Business/economics

Energy Executives Temper US Oil Growth Expectations Despite Higher Prices

A Dallas Fed survey update suggests few executives foresee a strong US production response, even with oil prices above $90/bbl.

Silhouette of oil pump jacks at sunset in a desert field. Symbolizes Iranian oil production, energy crisis, and rising crude prices amidst escalating Middle East conflicts and Hormuz Strait tensions.
Source: Getty Images.

With developments in the Middle East continuing to impact the global oil market, the Federal Reserve Bank of Dallas took the unusual step of updating its first‑quarter energy survey in April. The update to the last survey issued in March drew responses from executives at 120 oil and gas companies, including 78 exploration and production (E&P) firms and 42 oilfield service companies.

The updated survey results released 23 April show that oil and gas firms remain cautious about the outlook for US oil supply growth, though they see some room for increases. Forty-three percent of respondents said US oil production could increase by as much as 250,000 B/D this year, while 17% expect growth of between 250,000 and 500,000 B/D.

Another 30% said they anticipate no change in the current US production trajectory. Only 1% of respondents said they believe US oil production will rise by more than 1 million B/D.

“Extreme oil price volatility is leaving both small and large E&Ps unsure of whether to increase capital spending and activity. Even after nearly a month of oil above $90[/bbl], rig counts declined, signaling little confidence that prices will hold,” said one of the survey respondents from an oil and gas producer.

Several other E&P executives echoed the sense of uncertainty. One said the situation between the US, Israel, and Iran remains too fluid to assess accurately, adding, “With all of the chaos, predicting anything in the energy sector is very difficult.”

When asked about the outlook for employment at their companies through the end of the year, responses from oil and gas producers were the most cautious. Seventy-three percent of E&P executives said they expect employment levels to remain unchanged, while 17% anticipate a “slight” increase in headcount. Only 1% said employment would “increase significantly.”

Service sector executives expressed a more bullish view with 49% predicting a “slight” increase in employment, while 10% said they expect a “significant” increase. Another 34% said employment levels are likely to remain unchanged.

In written comments, some service sector respondents also highlighted the uncertainty created by the conflict, which remains under a tentative ceasefire. One said unpredictable decision‑making from the White House “makes business modeling near impossible.”

Another service company executive said they expect US oil prices to fall to $70 to $80/bbl once the Strait of Hormuz fully reopens, down from the upper‑$90/bbl range seen recently.

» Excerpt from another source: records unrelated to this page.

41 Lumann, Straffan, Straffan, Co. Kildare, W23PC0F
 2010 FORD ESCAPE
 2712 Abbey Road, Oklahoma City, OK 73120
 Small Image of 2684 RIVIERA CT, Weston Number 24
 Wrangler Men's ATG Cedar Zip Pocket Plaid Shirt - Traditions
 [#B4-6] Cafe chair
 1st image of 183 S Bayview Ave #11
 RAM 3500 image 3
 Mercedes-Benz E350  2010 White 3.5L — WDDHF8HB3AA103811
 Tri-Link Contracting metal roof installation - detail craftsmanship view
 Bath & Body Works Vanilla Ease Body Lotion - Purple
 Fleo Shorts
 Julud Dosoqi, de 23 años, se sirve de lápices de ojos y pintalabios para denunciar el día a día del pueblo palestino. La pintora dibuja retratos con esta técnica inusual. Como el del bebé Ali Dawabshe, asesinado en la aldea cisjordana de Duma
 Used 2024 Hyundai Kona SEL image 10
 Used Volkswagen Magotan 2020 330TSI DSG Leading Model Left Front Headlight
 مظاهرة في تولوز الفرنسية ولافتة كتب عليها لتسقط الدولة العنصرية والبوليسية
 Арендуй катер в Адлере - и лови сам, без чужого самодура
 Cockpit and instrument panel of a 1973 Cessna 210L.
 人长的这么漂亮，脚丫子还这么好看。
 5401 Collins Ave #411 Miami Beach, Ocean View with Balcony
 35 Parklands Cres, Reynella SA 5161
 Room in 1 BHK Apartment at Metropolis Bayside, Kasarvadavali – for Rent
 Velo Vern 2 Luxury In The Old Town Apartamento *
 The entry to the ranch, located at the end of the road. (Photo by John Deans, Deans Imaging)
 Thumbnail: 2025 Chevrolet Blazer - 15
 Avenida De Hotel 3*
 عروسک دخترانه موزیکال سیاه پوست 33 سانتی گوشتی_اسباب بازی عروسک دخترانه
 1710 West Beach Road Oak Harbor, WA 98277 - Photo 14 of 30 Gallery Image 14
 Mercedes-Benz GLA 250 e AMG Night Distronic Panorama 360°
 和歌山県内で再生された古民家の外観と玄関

On the timing of a return to normal vessel traffic through the Strait of Hormuz, most respondents leaned toward the second half of the year. Thirty-nine percent said it would happen by August, while 40% said November or later. Only 20% said normal traffic levels would resume by May. The question drew responses from 99 executives.

One E&P respondent summed up the situation by saying that “there is no way to predict the outcome of the war with Iran,” adding, “The effect it will have on domestic oil production depends on how long the strait remains closed, which in turn depends on how long Iran can control movement through the strait.”

Executives were also asked whether they expect the Strait of Hormuz to face further disruptions over the next 5 years, even if the current situation returns to normal. Nearly half of the 112 respondents said future disruptions are “very likely,” while 38% said they are “somewhat likely.” Only 14% said such a scenario is unlikely.

Just over a third of survey participants said the conflict has increased the cost of shipping oil out of the Persian Gulf by $2 to $4/bbl. The survey cited higher insurance premiums, freight costs, and tolls as the primary cost drivers. Another 20% estimated the premium at $4 to $6/bbl, while 23% said shipping costs out of the region have risen by more than $6/bbl.